In the workplace, choice emerges as the ability for employees to choose where they work when completing a task. In any given day, an employee with workplace choice may be sending emails from an on-site café, using a collaborative area for a team meeting and switching to a private workstation for concentrative work.
Fulfilling employee desire for choice in the workplace provides a sense of control that yields a number of benefits:
- Steelcase recently highlighted the correlation between employee performance and different workplace factors in their 2016 Global Engagement Study. They noted that there was a direct correlation between an employees control in the workplace and their engagement. The most engaged employees also had the most choice in where they worked on tasks within the office.
- In their State of the American Workplace Report, Gallup linked engagement with performance. Work units that ranked in the top quarter in terms of engagement also ranked considerably higher in productivity and profitability ratings.
- Gensler found similar results in their 2016 Workplace Survey. They note that “Top-performers have access to, and use, a greater variety of workspaces in and out of the office”. Gensler highlights choice as a way to empower workers through design.
Choice equals control and with this empowerment and engagement, employees perform better.
A Deeper Look: Effects of Workplace Choice and Empowerment
Ownership
Providing employees with the ability to choose where they work has a multiplier effect. The empowerment transfers into other aspects of their work. They can take increased ownership over not just where they work, but what they are working on.
In a business environment where changes are happening rapidly and responses must occur accordingly, quick thinking is important. Choice and control are essential for any type of swift response. Employees on the ground are often closest to issues that arise. Having them react appropriately is a huge advantage. Navy SEALs refer to this principle of empowerment as “Decentralized Command” and employ it as part of their leadership and success strategy. Ensuring that employees have the confidence to take control of their tasks and make decisions is a big strategic advantage.
Promoting Trust:
When employers design spaces to truly empower employees it shows that they trust employees to utilize the space appropriately. This trust helps create a mutual respect between employee and employer and further supports the sense of autonomy in an organization.

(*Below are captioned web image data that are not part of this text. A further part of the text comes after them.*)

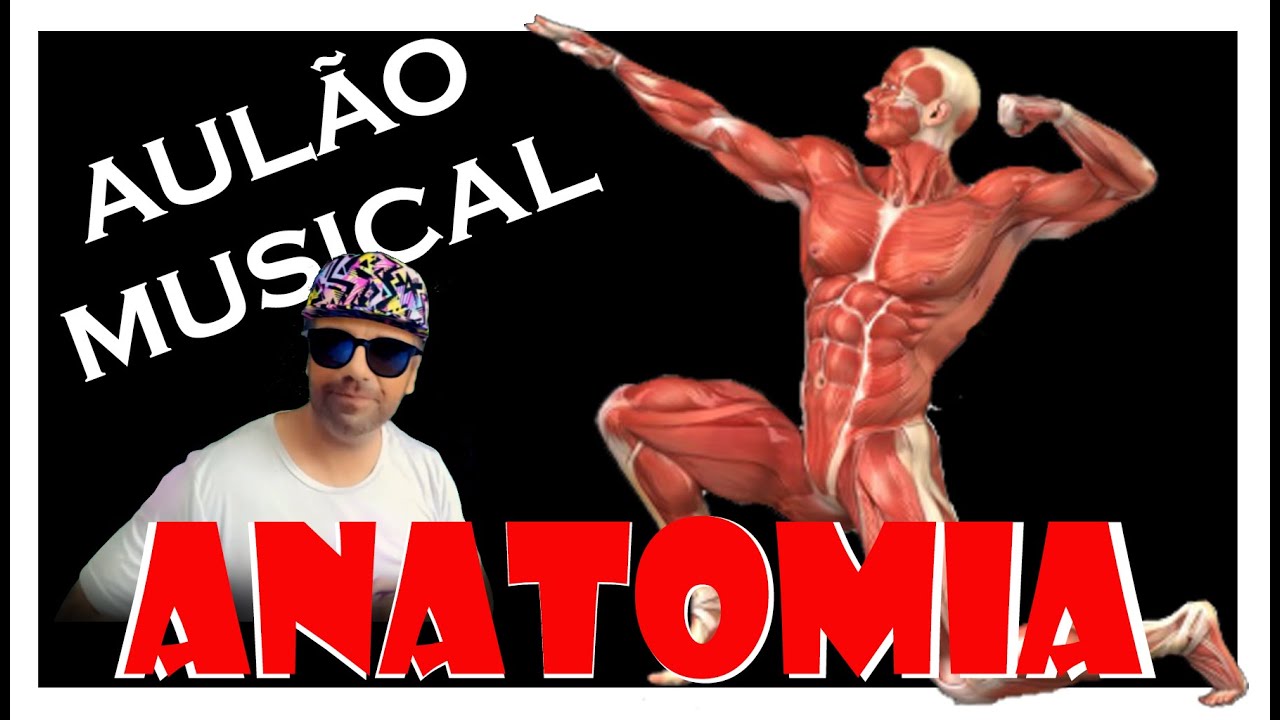 ANATOMIA - introdução a anatomia em formato musical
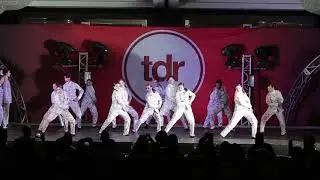 Weapon of choice  | The Dance Challenge | D'ansa jazz stage chihuahua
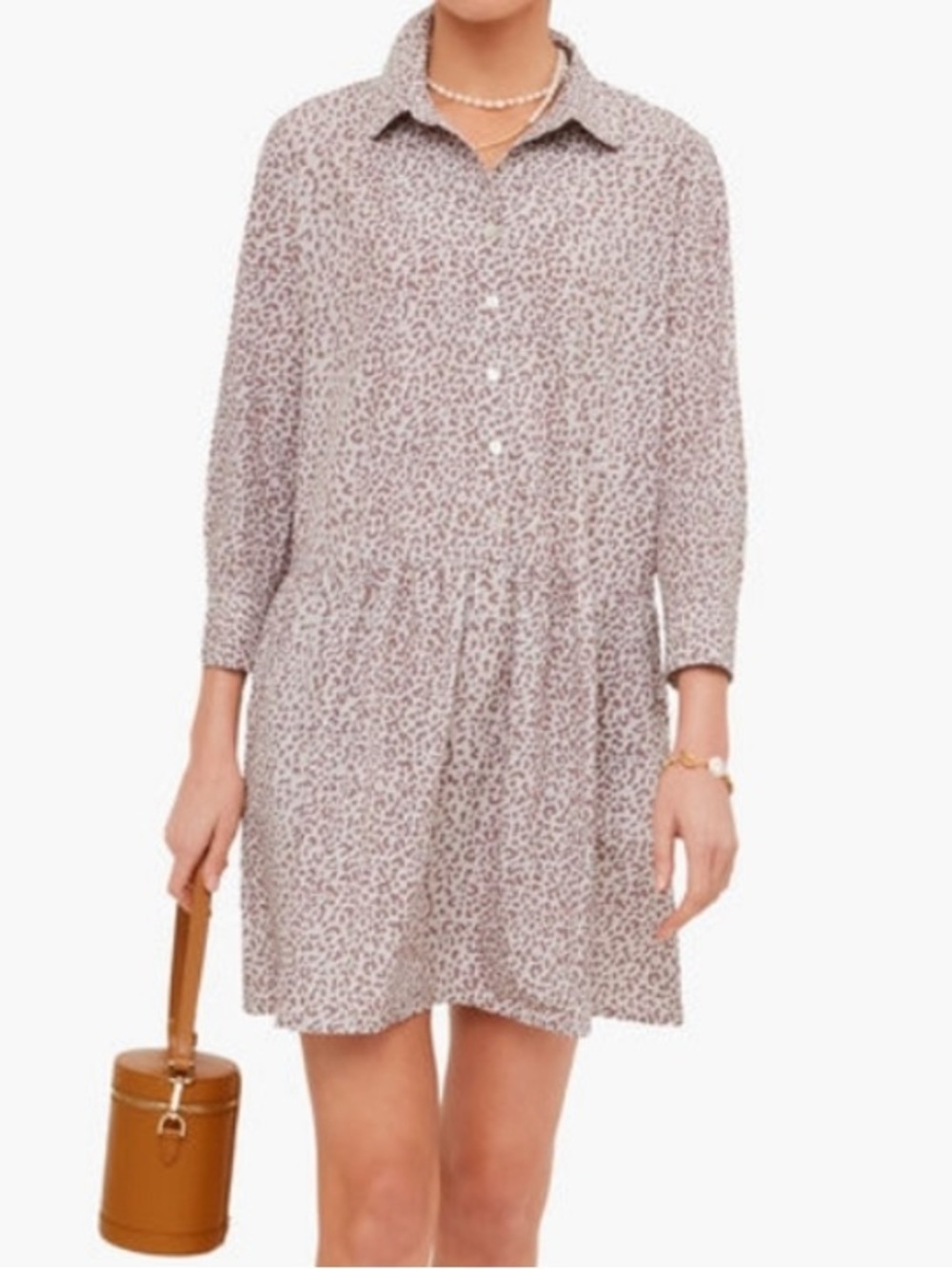 Tuckernuck Light Leopard Hayes Drop Waist Button Front Mini Dress Fall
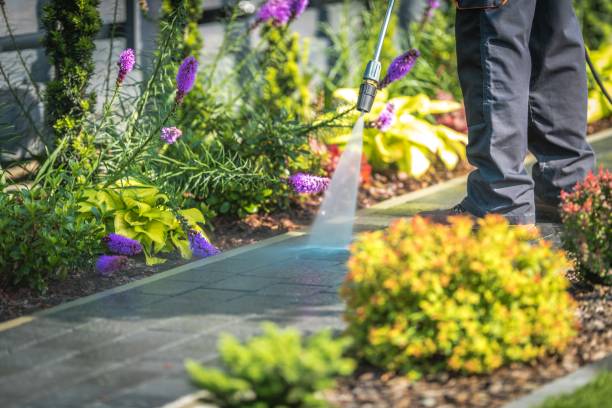 Reliable Highland Park, NJ Pressure Washing Services Solutions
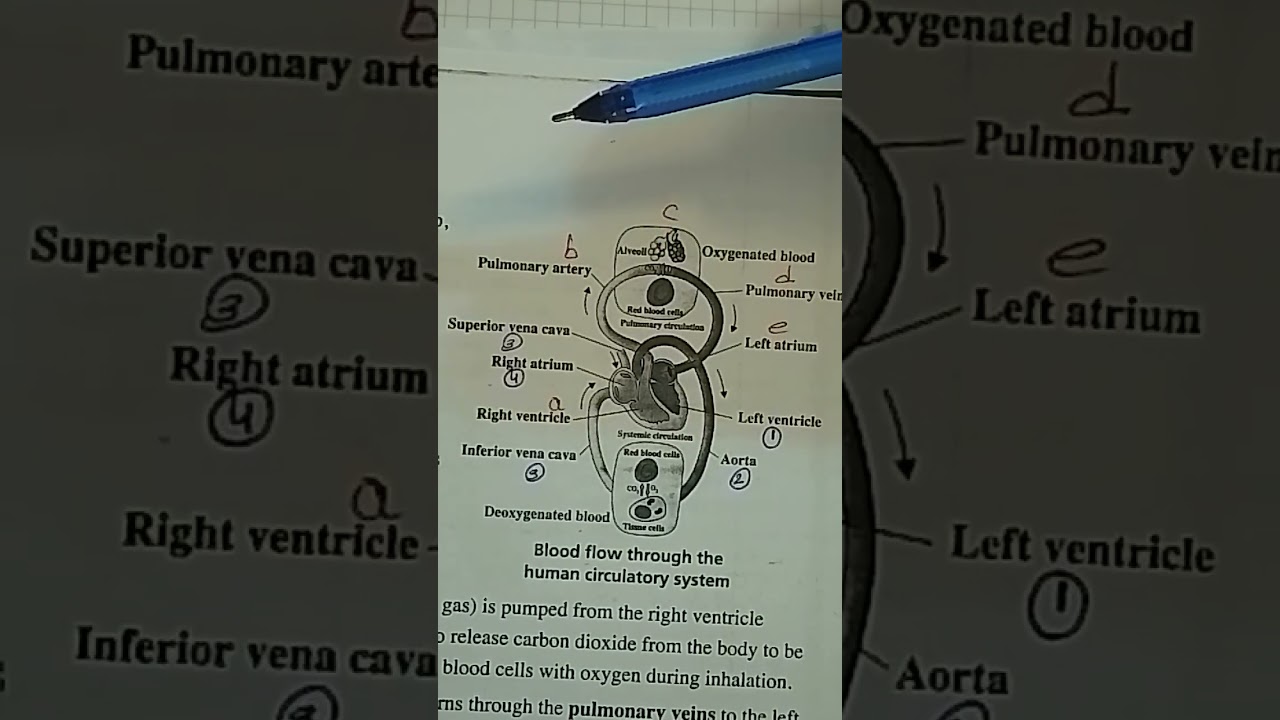 Circulatory system of human secondary 1 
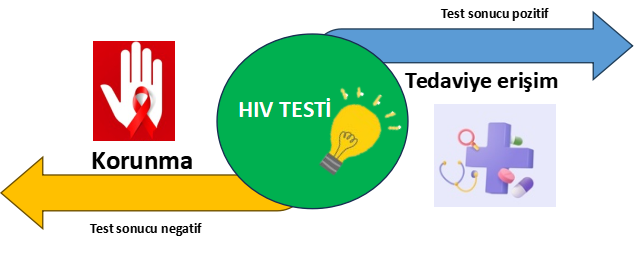 HIV testinin pozitif ve negatif sonuçlarını gösteren diyagram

When an employee knows that they are trusted, they are more likely to take ownership of tasks to maintain that trust. That trust also supports their ability to make decisions. Trust is strongly tied to empowerment and the decentralized command concept.
Consider the alternative
The latest Gallup numbers show that a stark 67.2% of the American workforce are disengaged. Employees that are provided a confined desk, set hours, and little autonomy will also have little incentive to go above and beyond or take initiative. Disengaged employees may become complacent and pass off responsibility.
Who would you rather have on your team or leading your team: an employee that feels they are in control, and trusted, who acts and takes pride and ownership in their tasks, or one that does only what is required? The choice should be clear. Empowered employees, supported by strong leadership and workplace choice, provide a company with a clear advantage.
Leveraging Choice in Your Workplace
In addition to helping employees perform better, workplace choice can also help retain and attract high performing employees who need to feel empowered. In part 2 of this post, we look at how workplace choice can be applied through company culture, leadership, communication and design.
All Images from Darren Hull’s “Inside Medium”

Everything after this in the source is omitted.